Give the data again in its entirety, exactly as provided.

+++ Data for this exercise +++

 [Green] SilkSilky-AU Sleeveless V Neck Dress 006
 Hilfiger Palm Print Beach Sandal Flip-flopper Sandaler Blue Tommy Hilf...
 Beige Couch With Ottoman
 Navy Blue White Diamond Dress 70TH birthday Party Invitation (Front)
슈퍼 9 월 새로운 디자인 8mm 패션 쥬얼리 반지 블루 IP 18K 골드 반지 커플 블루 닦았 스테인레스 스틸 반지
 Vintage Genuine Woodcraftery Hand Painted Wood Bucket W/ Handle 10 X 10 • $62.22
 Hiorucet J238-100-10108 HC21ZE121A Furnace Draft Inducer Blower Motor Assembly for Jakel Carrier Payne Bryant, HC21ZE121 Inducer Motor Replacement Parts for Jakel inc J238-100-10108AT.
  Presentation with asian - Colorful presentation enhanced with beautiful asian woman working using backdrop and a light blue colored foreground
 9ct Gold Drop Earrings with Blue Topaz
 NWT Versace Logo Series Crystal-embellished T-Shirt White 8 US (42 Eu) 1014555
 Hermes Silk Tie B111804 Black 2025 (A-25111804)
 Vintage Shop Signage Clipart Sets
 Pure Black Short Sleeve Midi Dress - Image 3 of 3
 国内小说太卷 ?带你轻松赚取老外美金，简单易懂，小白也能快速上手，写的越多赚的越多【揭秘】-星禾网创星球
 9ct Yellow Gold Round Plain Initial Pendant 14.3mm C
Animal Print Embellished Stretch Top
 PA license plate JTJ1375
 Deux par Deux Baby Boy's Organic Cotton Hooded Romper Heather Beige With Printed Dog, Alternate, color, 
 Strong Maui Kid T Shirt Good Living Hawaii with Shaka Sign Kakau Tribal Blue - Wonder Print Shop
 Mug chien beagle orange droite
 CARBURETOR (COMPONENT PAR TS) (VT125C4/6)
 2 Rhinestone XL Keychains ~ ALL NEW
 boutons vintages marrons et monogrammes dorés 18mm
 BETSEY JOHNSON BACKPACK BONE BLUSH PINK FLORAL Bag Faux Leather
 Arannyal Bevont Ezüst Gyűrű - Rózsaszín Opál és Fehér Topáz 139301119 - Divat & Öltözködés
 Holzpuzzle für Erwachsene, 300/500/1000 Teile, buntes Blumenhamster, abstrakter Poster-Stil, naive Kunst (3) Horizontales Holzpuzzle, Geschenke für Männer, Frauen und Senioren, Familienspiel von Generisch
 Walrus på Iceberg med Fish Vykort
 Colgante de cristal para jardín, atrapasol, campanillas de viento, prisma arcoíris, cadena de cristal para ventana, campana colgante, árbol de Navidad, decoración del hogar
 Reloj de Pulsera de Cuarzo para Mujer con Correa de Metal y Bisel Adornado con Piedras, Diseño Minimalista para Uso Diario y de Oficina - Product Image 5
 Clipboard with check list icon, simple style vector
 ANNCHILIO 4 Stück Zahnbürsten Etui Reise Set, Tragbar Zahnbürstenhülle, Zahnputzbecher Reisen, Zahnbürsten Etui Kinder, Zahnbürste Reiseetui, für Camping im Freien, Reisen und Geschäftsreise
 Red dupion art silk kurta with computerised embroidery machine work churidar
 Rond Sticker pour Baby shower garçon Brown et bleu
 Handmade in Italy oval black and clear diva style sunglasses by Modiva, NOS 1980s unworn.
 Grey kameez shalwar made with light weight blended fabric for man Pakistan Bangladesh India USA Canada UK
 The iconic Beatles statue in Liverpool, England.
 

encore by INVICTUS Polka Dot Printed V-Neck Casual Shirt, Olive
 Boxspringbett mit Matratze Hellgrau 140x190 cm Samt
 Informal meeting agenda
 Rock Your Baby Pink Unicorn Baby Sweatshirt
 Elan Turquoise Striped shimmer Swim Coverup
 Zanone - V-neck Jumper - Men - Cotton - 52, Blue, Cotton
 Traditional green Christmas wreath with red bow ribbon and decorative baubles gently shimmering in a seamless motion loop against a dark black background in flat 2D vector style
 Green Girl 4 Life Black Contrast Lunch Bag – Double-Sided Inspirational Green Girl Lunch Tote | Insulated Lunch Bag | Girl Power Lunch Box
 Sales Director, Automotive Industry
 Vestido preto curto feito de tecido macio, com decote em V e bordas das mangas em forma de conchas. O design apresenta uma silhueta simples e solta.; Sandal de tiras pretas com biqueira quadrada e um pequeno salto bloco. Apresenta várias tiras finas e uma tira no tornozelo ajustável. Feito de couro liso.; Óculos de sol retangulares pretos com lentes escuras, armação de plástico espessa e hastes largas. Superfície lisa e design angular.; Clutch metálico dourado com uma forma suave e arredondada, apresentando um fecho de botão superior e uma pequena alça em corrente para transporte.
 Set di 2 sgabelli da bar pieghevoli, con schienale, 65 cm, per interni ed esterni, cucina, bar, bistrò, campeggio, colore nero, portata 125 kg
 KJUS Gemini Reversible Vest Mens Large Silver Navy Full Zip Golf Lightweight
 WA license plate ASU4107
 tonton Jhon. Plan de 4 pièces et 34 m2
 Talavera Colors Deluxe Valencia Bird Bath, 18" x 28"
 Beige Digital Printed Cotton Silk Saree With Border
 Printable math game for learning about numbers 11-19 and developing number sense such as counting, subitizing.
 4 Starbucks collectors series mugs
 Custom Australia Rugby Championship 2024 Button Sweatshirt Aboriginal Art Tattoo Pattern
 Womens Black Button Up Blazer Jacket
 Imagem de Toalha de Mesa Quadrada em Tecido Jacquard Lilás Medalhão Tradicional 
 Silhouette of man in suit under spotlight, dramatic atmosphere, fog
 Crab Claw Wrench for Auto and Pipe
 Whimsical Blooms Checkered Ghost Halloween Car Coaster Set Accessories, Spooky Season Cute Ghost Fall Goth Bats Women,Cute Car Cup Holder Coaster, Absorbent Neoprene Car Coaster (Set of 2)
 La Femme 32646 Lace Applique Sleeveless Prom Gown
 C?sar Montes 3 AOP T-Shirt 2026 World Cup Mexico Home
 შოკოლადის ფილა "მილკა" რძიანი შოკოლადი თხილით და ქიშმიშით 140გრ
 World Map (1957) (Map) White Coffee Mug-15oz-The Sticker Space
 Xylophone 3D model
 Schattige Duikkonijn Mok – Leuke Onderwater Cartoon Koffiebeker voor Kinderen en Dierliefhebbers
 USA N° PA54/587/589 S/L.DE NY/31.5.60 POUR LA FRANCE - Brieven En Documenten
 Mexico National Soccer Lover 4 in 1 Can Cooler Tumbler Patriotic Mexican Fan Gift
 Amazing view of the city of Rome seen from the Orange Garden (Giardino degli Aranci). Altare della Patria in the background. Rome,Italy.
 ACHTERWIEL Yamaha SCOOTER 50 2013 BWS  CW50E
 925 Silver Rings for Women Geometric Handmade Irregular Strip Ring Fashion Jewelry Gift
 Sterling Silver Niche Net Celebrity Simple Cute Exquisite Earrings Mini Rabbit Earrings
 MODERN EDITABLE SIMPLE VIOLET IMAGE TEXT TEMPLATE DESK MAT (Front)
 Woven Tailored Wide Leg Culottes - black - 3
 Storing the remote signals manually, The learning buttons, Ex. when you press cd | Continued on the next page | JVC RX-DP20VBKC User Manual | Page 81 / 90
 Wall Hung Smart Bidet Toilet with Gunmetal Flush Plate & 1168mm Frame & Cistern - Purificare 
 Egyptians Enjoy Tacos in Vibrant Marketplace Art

+++

→ Task response:
 [Green] SilkSilky-AU Sleeveless V Neck Dress 006
 Hilfiger Palm Print Beach Sandal Flip-flopper Sandaler Blue Tommy Hilf...
 Beige Couch With Ottoman
 Navy Blue White Diamond Dress 70TH birthday Party Invitation (Front)
슈퍼 9 월 새로운 디자인 8mm 패션 쥬얼리 반지 블루 IP 18K 골드 반지 커플 블루 닦았 스테인레스 스틸 반지
 Vintage Genuine Woodcraftery Hand Painted Wood Bucket W/ Handle 10 X 10 • $62.22
 Hiorucet J238-100-10108 HC21ZE121A Furnace Draft Inducer Blower Motor Assembly for Jakel Carrier Payne Bryant, HC21ZE121 Inducer Motor Replacement Parts for Jakel inc J238-100-10108AT.
  Presentation with asian - Colorful presentation enhanced with beautiful asian woman working using backdrop and a light blue colored foreground
 9ct Gold Drop Earrings with Blue Topaz
 NWT Versace Logo Series Crystal-embellished T-Shirt White 8 US (42 Eu) 1014555
 Hermes Silk Tie B111804 Black 2025 (A-25111804)
 Vintage Shop Signage Clipart Sets
 Pure Black Short Sleeve Midi Dress - Image 3 of 3
 国内小说太卷 ?带你轻松赚取老外美金，简单易懂，小白也能快速上手，写的越多赚的越多【揭秘】-星禾网创星球
 9ct Yellow Gold Round Plain Initial Pendant 14.3mm C
Animal Print Embellished Stretch Top
 PA license plate JTJ1375
 Deux par Deux Baby Boy's Organic Cotton Hooded Romper Heather Beige With Printed Dog, Alternate, color, 
 Strong Maui Kid T Shirt Good Living Hawaii with Shaka Sign Kakau Tribal Blue - Wonder Print Shop
 Mug chien beagle orange droite
 CARBURETOR (COMPONENT PAR TS) (VT125C4/6)
 2 Rhinestone XL Keychains ~ ALL NEW
 boutons vintages marrons et monogrammes dorés 18mm
 BETSEY JOHNSON BACKPACK BONE BLUSH PINK FLORAL Bag Faux Leather
 Arannyal Bevont Ezüst Gyűrű - Rózsaszín Opál és Fehér Topáz 139301119 - Divat & Öltözködés
 Holzpuzzle für Erwachsene, 300/500/1000 Teile, buntes Blumenhamster, abstrakter Poster-Stil, naive Kunst (3) Horizontales Holzpuzzle, Geschenke für Männer, Frauen und Senioren, Familienspiel von Generisch
 Walrus på Iceberg med Fish Vykort
 Colgante de cristal para jardín, atrapasol, campanillas de viento, prisma arcoíris, cadena de cristal para ventana, campana colgante, árbol de Navidad, decoración del hogar
 Reloj de Pulsera de Cuarzo para Mujer con Correa de Metal y Bisel Adornado con Piedras, Diseño Minimalista para Uso Diario y de Oficina - Product Image 5
 Clipboard with check list icon, simple style vector
 ANNCHILIO 4 Stück Zahnbürsten Etui Reise Set, Tragbar Zahnbürstenhülle, Zahnputzbecher Reisen, Zahnbürsten Etui Kinder, Zahnbürste Reiseetui, für Camping im Freien, Reisen und Geschäftsreise
 Red dupion art silk kurta with computerised embroidery machine work churidar
 Rond Sticker pour Baby shower garçon Brown et bleu
 Handmade in Italy oval black and clear diva style sunglasses by Modiva, NOS 1980s unworn.
 Grey kameez shalwar made with light weight blended fabric for man Pakistan Bangladesh India USA Canada UK
 The iconic Beatles statue in Liverpool, England.
 

encore by INVICTUS Polka Dot Printed V-Neck Casual Shirt, Olive
 Boxspringbett mit Matratze Hellgrau 140x190 cm Samt
 Informal meeting agenda
 Rock Your Baby Pink Unicorn Baby Sweatshirt
 Elan Turquoise Striped shimmer Swim Coverup
 Zanone - V-neck Jumper - Men - Cotton - 52, Blue, Cotton
 Traditional green Christmas wreath with red bow ribbon and decorative baubles gently shimmering in a seamless motion loop against a dark black background in flat 2D vector style
 Green Girl 4 Life Black Contrast Lunch Bag – Double-Sided Inspirational Green Girl Lunch Tote | Insulated Lunch Bag | Girl Power Lunch Box
 Sales Director, Automotive Industry
 Vestido preto curto feito de tecido macio, com decote em V e bordas das mangas em forma de conchas. O design apresenta uma silhueta simples e solta.; Sandal de tiras pretas com biqueira quadrada e um pequeno salto bloco. Apresenta várias tiras finas e uma tira no tornozelo ajustável. Feito de couro liso.; Óculos de sol retangulares pretos com lentes escuras, armação de plástico espessa e hastes largas. Superfície lisa e design angular.; Clutch metálico dourado com uma forma suave e arredondada, apresentando um fecho de botão superior e uma pequena alça em corrente para transporte.
 Set di 2 sgabelli da bar pieghevoli, con schienale, 65 cm, per interni ed esterni, cucina, bar, bistrò, campeggio, colore nero, portata 125 kg
 KJUS Gemini Reversible Vest Mens Large Silver Navy Full Zip Golf Lightweight
 WA license plate ASU4107
 tonton Jhon. Plan de 4 pièces et 34 m2
 Talavera Colors Deluxe Valencia Bird Bath, 18" x 28"
 Beige Digital Printed Cotton Silk Saree With Border
 Printable math game for learning about numbers 11-19 and developing number sense such as counting, subitizing.
 4 Starbucks collectors series mugs
 Custom Australia Rugby Championship 2024 Button Sweatshirt Aboriginal Art Tattoo Pattern
 Womens Black Button Up Blazer Jacket
 Imagem de Toalha de Mesa Quadrada em Tecido Jacquard Lilás Medalhão Tradicional 
 Silhouette of man in suit under spotlight, dramatic atmosphere, fog
 Crab Claw Wrench for Auto and Pipe
 Whimsical Blooms Checkered Ghost Halloween Car Coaster Set Accessories, Spooky Season Cute Ghost Fall Goth Bats Women,Cute Car Cup Holder Coaster, Absorbent Neoprene Car Coaster (Set of 2)
 La Femme 32646 Lace Applique Sleeveless Prom Gown
 C?sar Montes 3 AOP T-Shirt 2026 World Cup Mexico Home
 შოკოლადის ფილა "მილკა" რძიანი შოკოლადი თხილით და ქიშმიშით 140გრ
 World Map (1957) (Map) White Coffee Mug-15oz-The Sticker Space
 Xylophone 3D model
 Schattige Duikkonijn Mok – Leuke Onderwater Cartoon Koffiebeker voor Kinderen en Dierliefhebbers
 USA N° PA54/587/589 S/L.DE NY/31.5.60 POUR LA FRANCE - Brieven En Documenten
 Mexico National Soccer Lover 4 in 1 Can Cooler Tumbler Patriotic Mexican Fan Gift
 Amazing view of the city of Rome seen from the Orange Garden (Giardino degli Aranci). Altare della Patria in the background. Rome,Italy.
 ACHTERWIEL Yamaha SCOOTER 50 2013 BWS  CW50E
 925 Silver Rings for Women Geometric Handmade Irregular Strip Ring Fashion Jewelry Gift
 Sterling Silver Niche Net Celebrity Simple Cute Exquisite Earrings Mini Rabbit Earrings
 MODERN EDITABLE SIMPLE VIOLET IMAGE TEXT TEMPLATE DESK MAT (Front)
 Woven Tailored Wide Leg Culottes - black - 3
 Storing the remote signals manually, The learning buttons, Ex. when you press cd | Continued on the next page | JVC RX-DP20VBKC User Manual | Page 81 / 90
 Wall Hung Smart Bidet Toilet with Gunmetal Flush Plate & 1168mm Frame & Cistern - Purificare 
 Egyptians Enjoy Tacos in Vibrant Marketplace Art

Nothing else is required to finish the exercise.